I also learned that Montana has real good red wine at the Winery in Dayton. It’s the soil that makes Montana wines special, and the mélange of different grapes gives the red wine a deep bouquet taste.
Getting further north on my road trip along
the Continental Drive in the Rockies
The Montana Audubon Society and the Boone Crockett Club, advocated the interest of native Blackfeet people and established the Glacier National Park. The East Glacier Park hiking is more of the beaten path and less frequented by big RVs. The two Medicine Lakes and the Red Eagle campground are in Blackfoot Reservation.
The site is surrounded by meadows of wildflowers, and I discovered a worshiping site of the Indian community. Lucky enough, I finally got to chat with young Blackfoot tribe members that were riding around in a buggy.
Further northeast the Glacier Nat’l Park is accessible through St Mary and the road winds to the Going to the Sun Rd¬ “the most spectacular highway bisecting the heart of the Glacier”.
The 50 mile road underpasses the cliffs below the Continental Divide at Logan Pass and passes by the shores of two lakes.
The Lake MacDonald and its emerald blue water and its fascinating silhouette mountains in the background are every photographer’s pearl.
Close to the West entrance, the Trail of the Cedars is one of the shorter and easier trails that passes through a hemlock and cedar forest. The Nat’l Glacier Park and the Canadian Waterton Park are the largest protected Parks with the most ecological diversity in the Rocky Mountains. The international peace park sits at the crown of the continent and ecosystems from the north, southeast and west converge at the narrowest point of the Rockies.
Hiking trails pass through a resin-scented forests of spruce and sub-alpine, lakes carry emerald green water and plains and mountains live in vivid contrast side by side.

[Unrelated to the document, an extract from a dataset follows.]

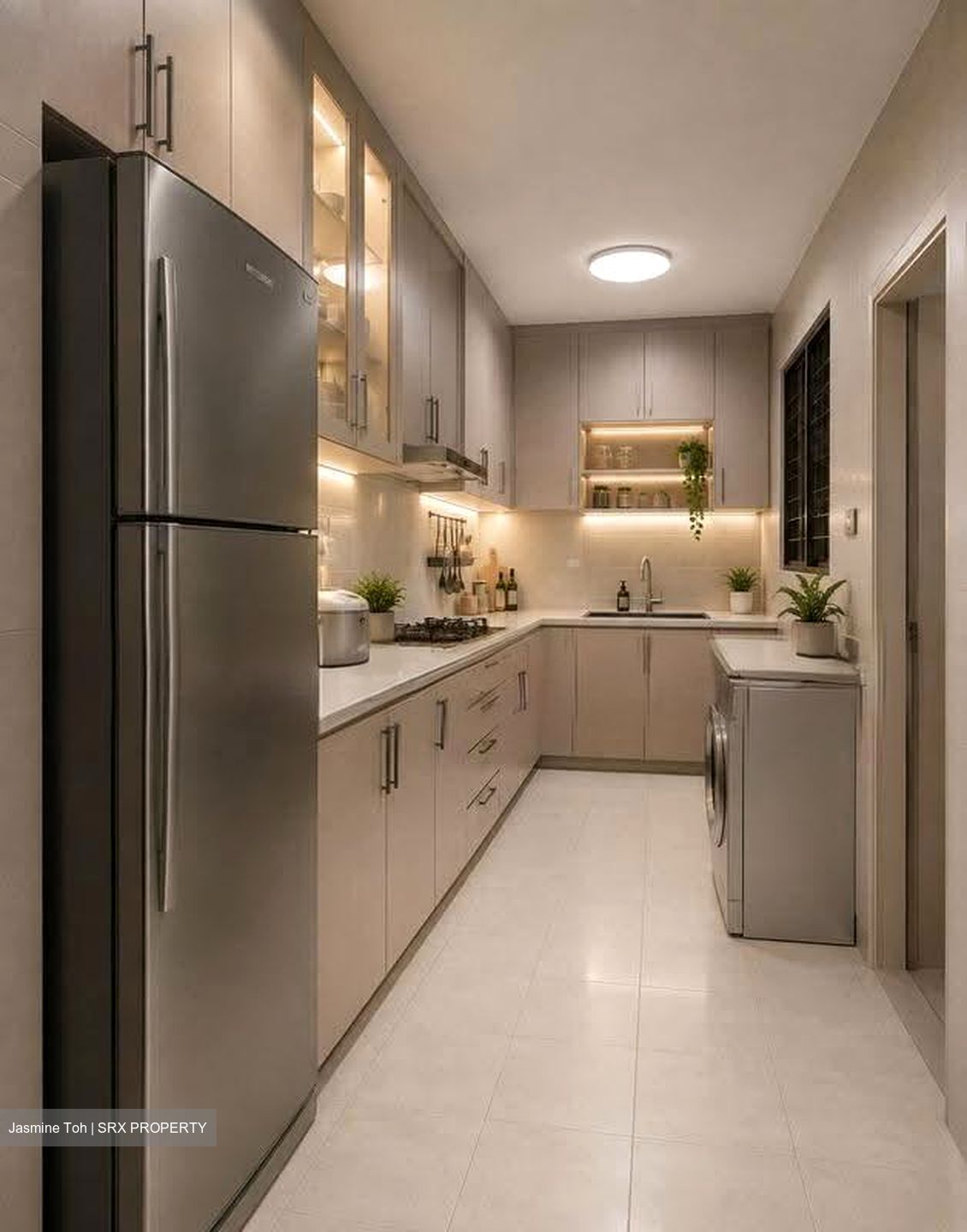 Blk 673B Jurong West Street 65 (Jurong West), HDB 5 Rooms #607375901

My road trip was soon coming to the end, when I visited the 67-foot Peace Arch Historical Park in Blaine, a 3000 soul community, right at the unprotected Canadian Border. The white Arch finished in 1921 with a Quote: Children of a Common Mother and surrounded by a beautiful garden and sculptured trees.
Another highlight of my extensive road trip away from the Divide was yet to come. The whale watching boat trip with the San Juan Cruises that shipped us through a labyrinth of little island around the San Juan Islands and the Lime Kiln Point with its famous Lighthouse. We did not get to see Orcas on this day, because the best whale watch time is in October. Most Islands are habitat of people. The anecdote by the captain tells a story about a little Island, a man had bought to build a house on. What he didn’t know is, that it is not allowed to build anything close to 300 feet to an eagles nest. So the man had to sell the Island for far less than he bought it for. The island is now an eagle land.